叽叽咕咕都是讨伐他的声儿,倒没一个说大姐儿不是的,老徐头不禁有些蔫了下来,暗悔起来,闹了一场什么也没闹出来,那死丫头拍拍屁股进去了,还闹什么意思。
刚要起身,忽见那边街口处,顾老爷骑着高头大马走了过来,老徐头这抬到一半的屁股,又坐了回去,嘴一咧,眼一闭,越发扯着嗓子嚎哭起来。
旺儿见了不禁暗道,这老徐头打着爷的主意可真真错了,如今大姐儿跟前,爷哪里舍得说个不字,更别提,本来就对这老徐头以往的事膈应呢,这会儿还打量着爷给他做主不成,
顾程到了跟前,旺儿忙上去扯住马头,顾程翻身下马,见四周围了七八个瞧热闹的邻舍之人,吵吵嚷嚷好不噪杂,不禁皱了皱眉。

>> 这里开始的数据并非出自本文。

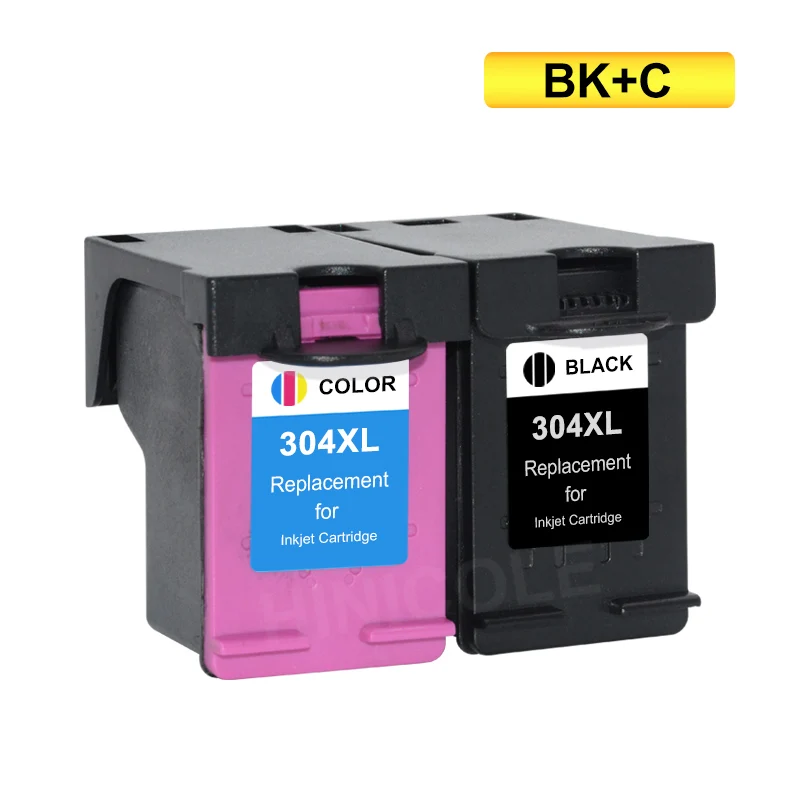 304 BKC HINICOLE 304XL переработанного чернильного картриджа для hp 304 для hp 304 XL с чернилами hp Deskjet 2620 2630 2632 3720 3730 3758 Envy 5010 5020 5030 5032 принтер - Цвет: 304 BKC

旺儿忙附耳与顾程道清原委,顾程听了,冷冷瞄了老徐头一眼,对旺儿喝道:“闲杂人等在门前混闹,也由得,当我顾家成了什么地方,今儿轮值守门的是谁,与我拖下去狠狠打十板子,瞧以后还敢不上心。”
旺儿暗道,这可是池鱼之灾,受了这老徐头的连累,爷既下了令谁敢怠慢,让两个小厮上来把今儿守门的李大拖了下去,任李大如何央告也无济于事。
顾程吩咐了,便再没停下,迈脚进了府去,老徐头也不嚎了,瞪着一双三角眼,傻在当场,眼瞅见旺儿也要进去,老徐头这才回过神来,忙着连跪带爬的过去,一把扯住旺儿的衣摆,没口的央告:“旺管事,旺大爷,这可如何是好,如何是好啊……”
旺儿却没好气的道:“什么明路,越说您老人家没个成算,越发糊涂起来,您不要你这张老脸,我们家爷的体面可还要呢,什么事儿不能好好商量,非要这样连哭带闹的嚷嚷到大街上来,今儿您老还算造化了,依着爷过往的脾气,没准把您老直接送衙门里去,真去了衙门,您思量思量,可抗不抗的住咱们县太爷的板子。”
老徐头一听真个怕上来,忙道:“旺大爷,您行行好,给老汉指条明路吧!不瞒着旺大爷,家里着实过不得日子了。”
旺儿扯着他到那边墙边上,小声道:“你求我做什么?您姑娘如今可是爷跟前最得意的人,不是我说您,这求人也得有个求人的样儿,您老倒好,这是要钱来,还是打架来了,怎么也是亲爹,想来姑娘这也是憋了一股子气,今儿发作出来,让她骂两句便骂两句,您还闹什么,依着我,您主动认个错,怎么也是亲爹,姑娘能眼睁睁瞧着您饿死吗?”
“认错?我是她爹,认什么错,自打盘古开天,哪有当爹的给闺女认错的,可成了什么理儿。”
旺儿一听脸色一沉:“我是一番好意,您听不听随意。”撂下话,袖子一甩也进去了。
老徐头在门前愣了半日,才姗姗的往回走,再说顾程,进了府刚要往书房院去,不想被大丫头琥珀拦在院门首。